Fourthly, after substantial pressure, the UN itself in a report accepted the source as that from Nepali soldiers.
About 100,000-160,000 Haitians died in the earthquake. Just over 8,000 from the Cholera outbreak. Thus, 6-8% of the total which died in the earthquake were killed as a result of the UN response to relieve the initial suffering of the three million survivors.
Clearly, it is likely that more than 8,000 would have died had there been no international response. Not to mention the millions who would have suffered greatly. Nevertheless, just as interventionists constantly tout the positives of that great calamity of mankind, war, such as lower unemployment or the development of certain technologies, it is only right for us isolationists to highlight the negatives of attempts to alleviate calamities, such as earthquakes. This is justified to gain a fuller picture of the costs and benefits of foreign policy actions.
This tragedy highlights several things.
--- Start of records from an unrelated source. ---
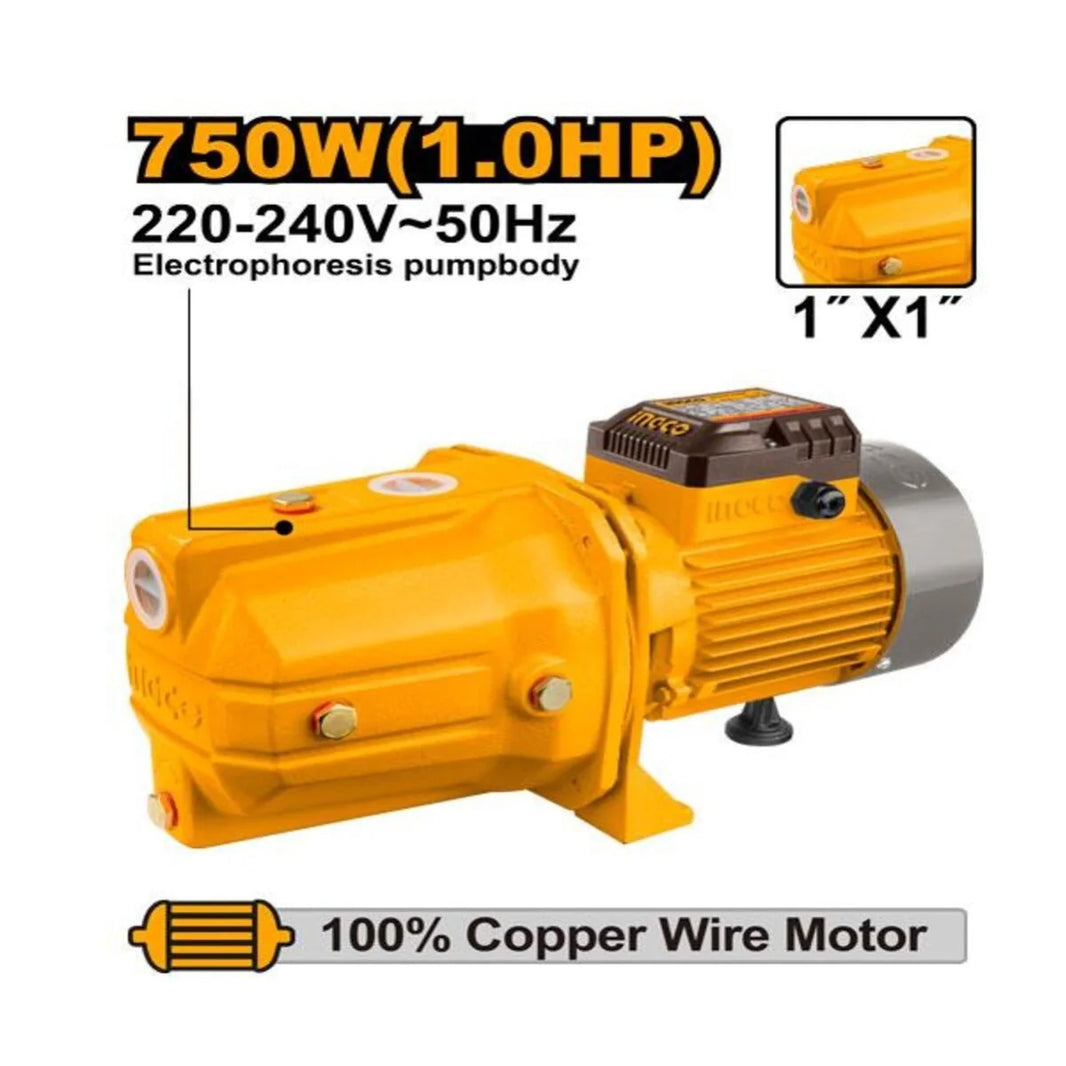 Pompe périphérique double turbine 750 W (1 HP) – JP07508
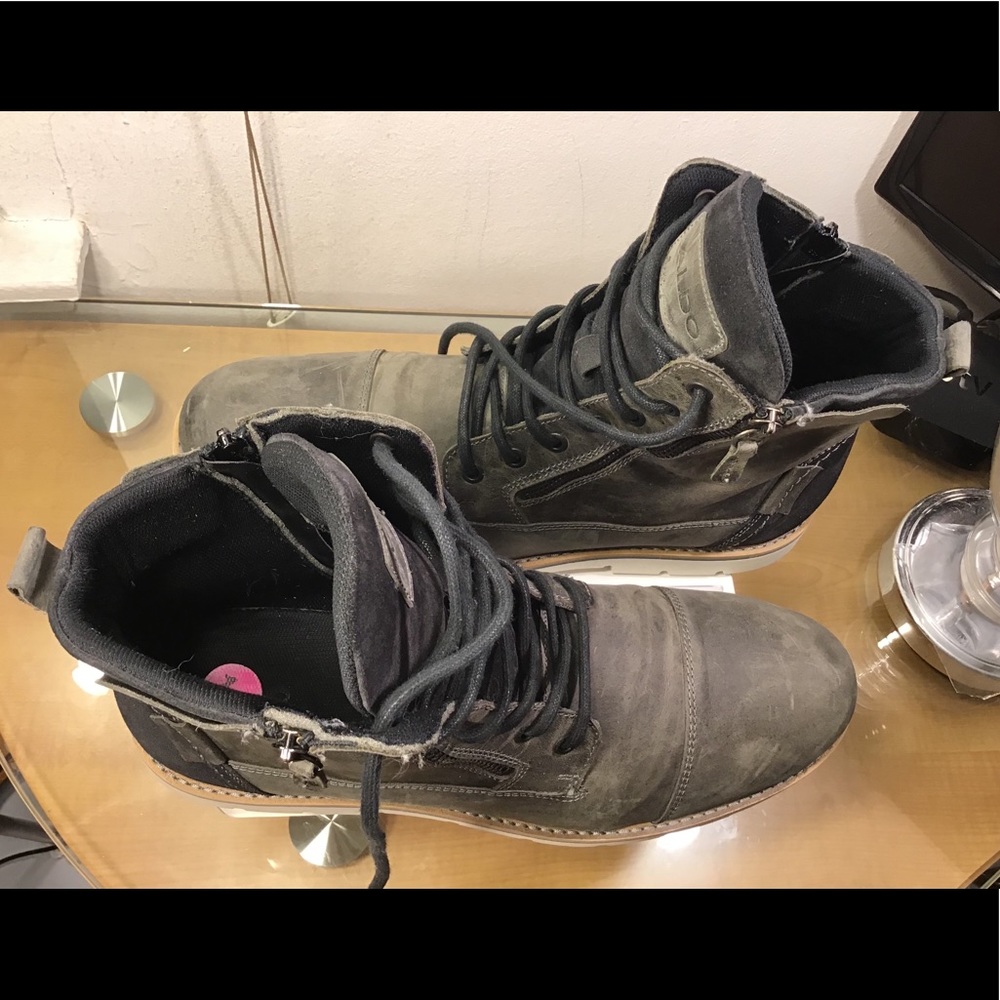 Aldo - Men's Casual Boot - Gray, Size 11. - Picture 8 of 14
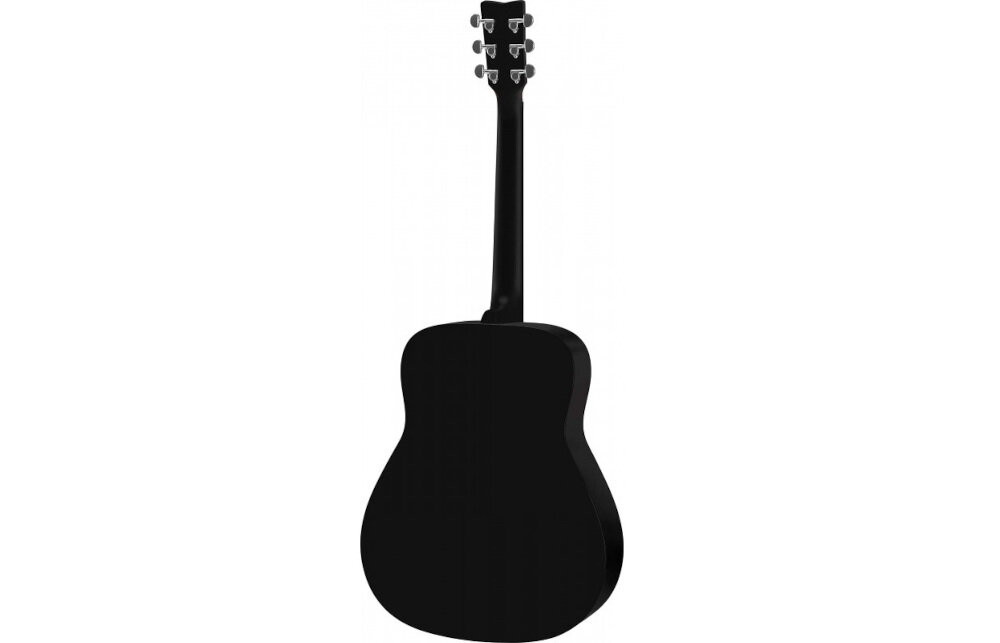 Gitara akustyczna YAMAHA FG800 nato palisander gryf podstrunnica, gitara po skosie od tyłu na białym tle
The UN’s reliance on soldiers from very poor countries, such as Nepal (this is because countries are paid for every soldier they contribute, and is a vital source of income for cash-strapped third-world militaries), carries with it disadvantages.
The UN is an organization like any other and looks after its own interests, as evidenced by its initial denial, stone-walling, and subsequent refusal to pay compensation to Haiti by invoking the ‘Convention on the Privileges and Immunities of the United Nations’ when the Haitian government sought to sue the UN.
But most importantly, and this is a theme which this blog will repeatedly come back to, the world is a complex place. It is impossible to know the consequences of our actions, especially on the international stage.
This international aid was clearly the right thing to do. Nevertheless, whether something is right or wrong, the spectre of unintended consequences is forever present.
It is a major reason why isolationism is often the correct response to foreign policy ‘problems’.